Of course not! What kind of banana republic do you think we're running here? That only happens if you are dark and the kid is fair!

There are to my certain knowledge at least three families in my town and surrounding areas where one child looks nothing like the rest of the family. This is because the child is Chinese and the parents are native Irish (foreign adoptions).

Do you think the child protection services were called in on them? Do you think it was even dreamed of happening in such cases?

Tell me again about how modern Ireland is so progressive. Here is where I start insulting everyone.

We have a coalition government at the moment. It consists of a centrist-right party (not as right-wing as a former, now defunct party but slightly more right-wing than the other main opposition party) and an allegedly left-wing party (insert for yourself the eyerolling, gagging noises, and casting hands up to Heaven regarding the modern Irish Labour party).

Two of the minority party ministers are out and admitted atheists. One of them holds the position analogous to Deputy Prime Minister, the other is our Minister for Education. They have been tripping over themselves rushing to fearlessly take on the power of the Catholic Church in Irish public life.

Our Minister for Justice (the boss of the police and the one setting the tone for policing strategy and policy) is Jewish.
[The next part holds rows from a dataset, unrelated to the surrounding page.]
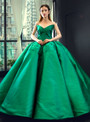 Brilliant Dark Green Ball Gown Satin Sweetheart Floor Length Prom Dress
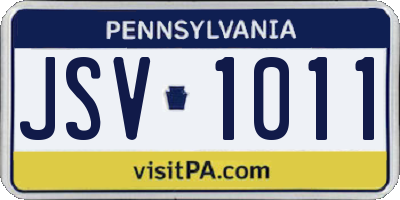 PA license plate JSV1011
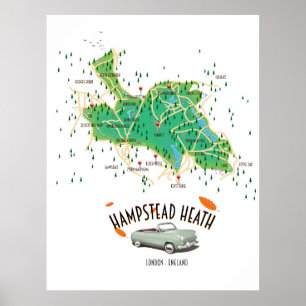Póster Mapa de Hampstead Heath Londres Inglaterra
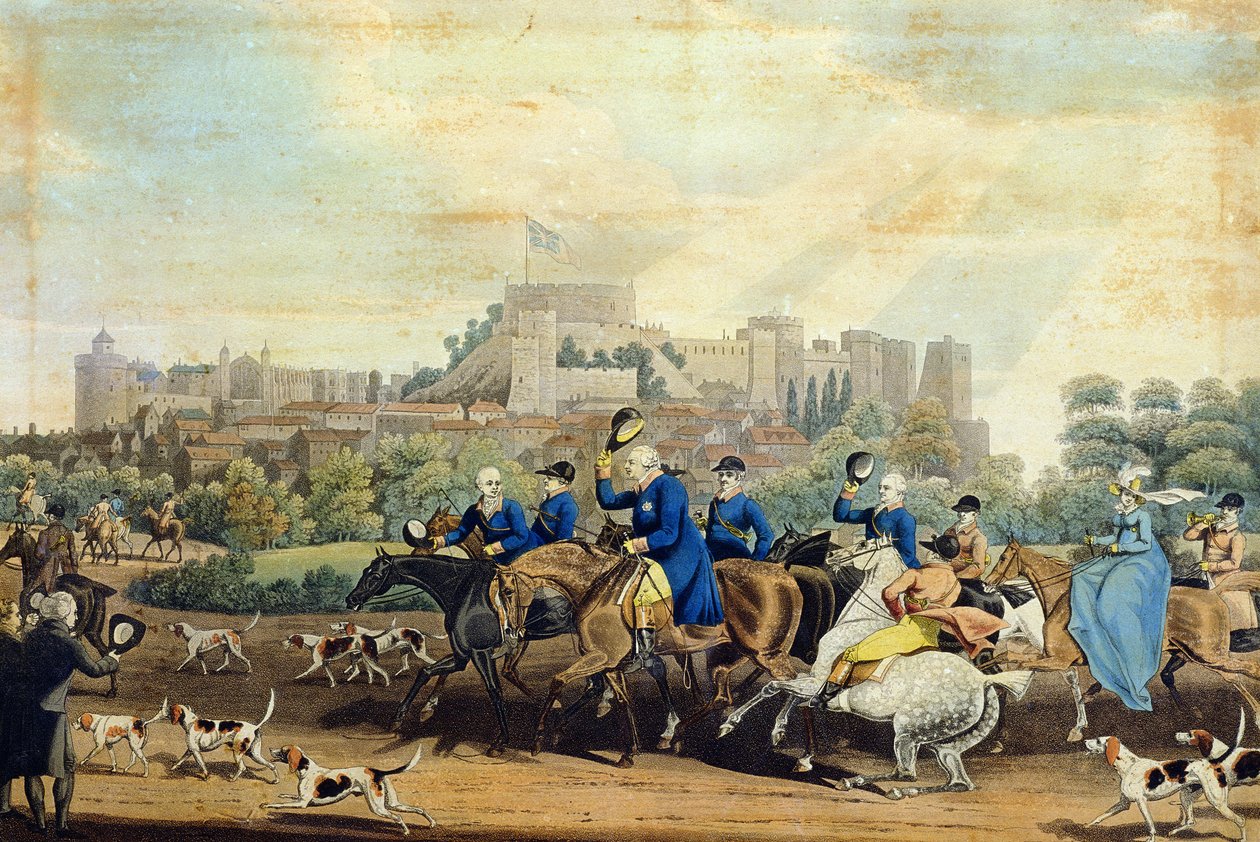 Jiří III. (1738-1820) Návrat z lovu, vyryl M. Dubourg, 1820 (akvatinta) od James Pollard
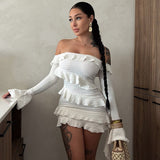 One-shoulder Ruffled Sleeve Ribbon Dress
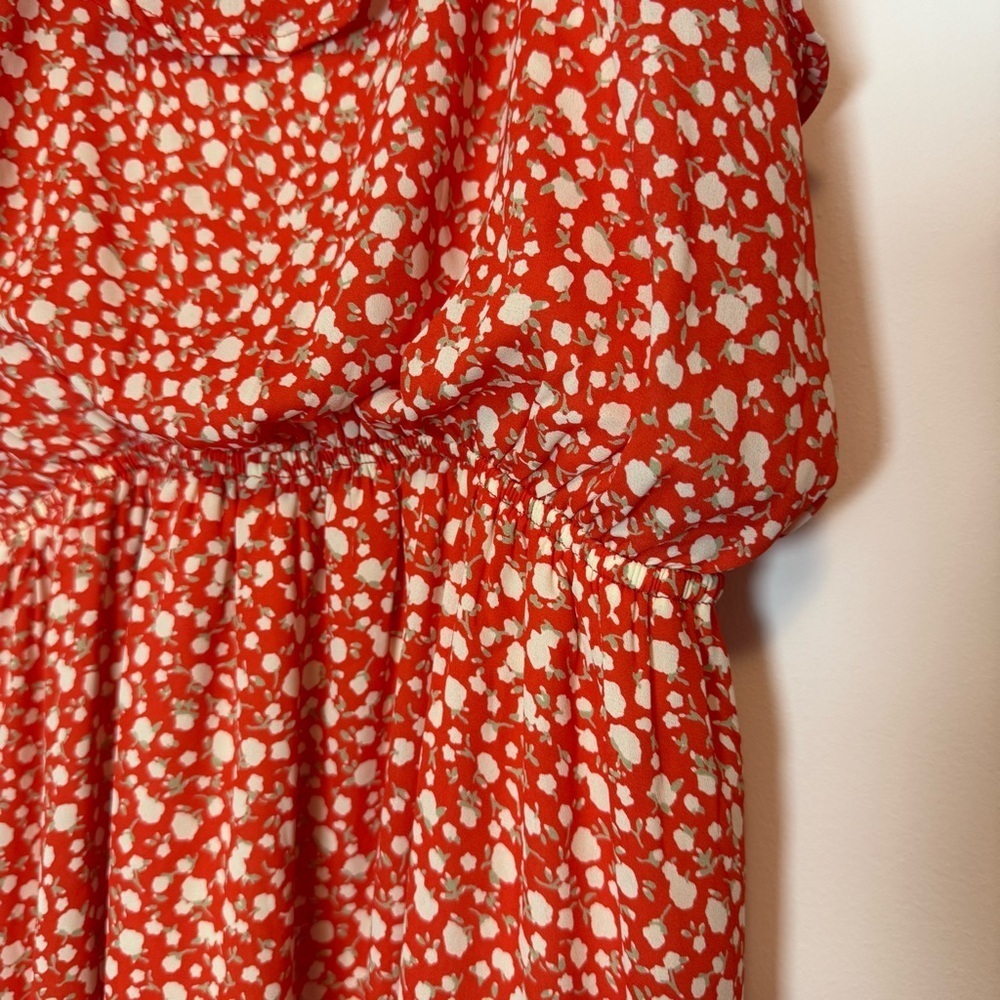 Moon River Red and White Sleeveless Floral Dress Size M - Picture 4 of 6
Our Prime Minister (to use an analogous term) is Catholic, but he's been proudly and bravely standing up to reactionary Catholic fanaticism (even allegedly going so far as condemnations that he will burn in Hell!) over the recent Protection of Life During Pregnancy Act (which everyone calls the abortion act, because it permits a limited form of legal abortion in Ireland for the first time).

Why do I mention this? Because this can't be pinned on the Bad Old Days or the Bad Old Church. The same newspapers and TV stations that were plastering 'shock, horror' stories about the Magdalen Laundries and how in the dark days of the 50s children could be taken away from their families at the whim of the nuns and priests with the State as a complacent lapdog, are the ones who whipped up the hysteria about "welfare scroungers" and "Gypsies stealing white babies".

The same government, that is committed to a secular, progressive, inclusive social agenda, the same government that campaigned for a "Yes" vote (to a referendum on children's rights which would amend our Constitution) in such a fashion that the Supreme Court judged the information campaign had not been "fair, impartial or unbiased"; the same government which assured us that the extended powers of social services to take children into care would not be abused - this is the same government presiding over these two scandalous cases.

They're going to try to push the blame off on the cops and the social workers, and there is certainly a case to answer there, but our Minister for Justice and our Minister for Children (a spiffy new post only created in the wake of the 2012 amendment) should be out there making statements explaining the whys and the wherefores.

And not them alone. The great and the good of charitable causes were all pushing for the amendment, all claiming that it would finally give children a voice and recognise their rights.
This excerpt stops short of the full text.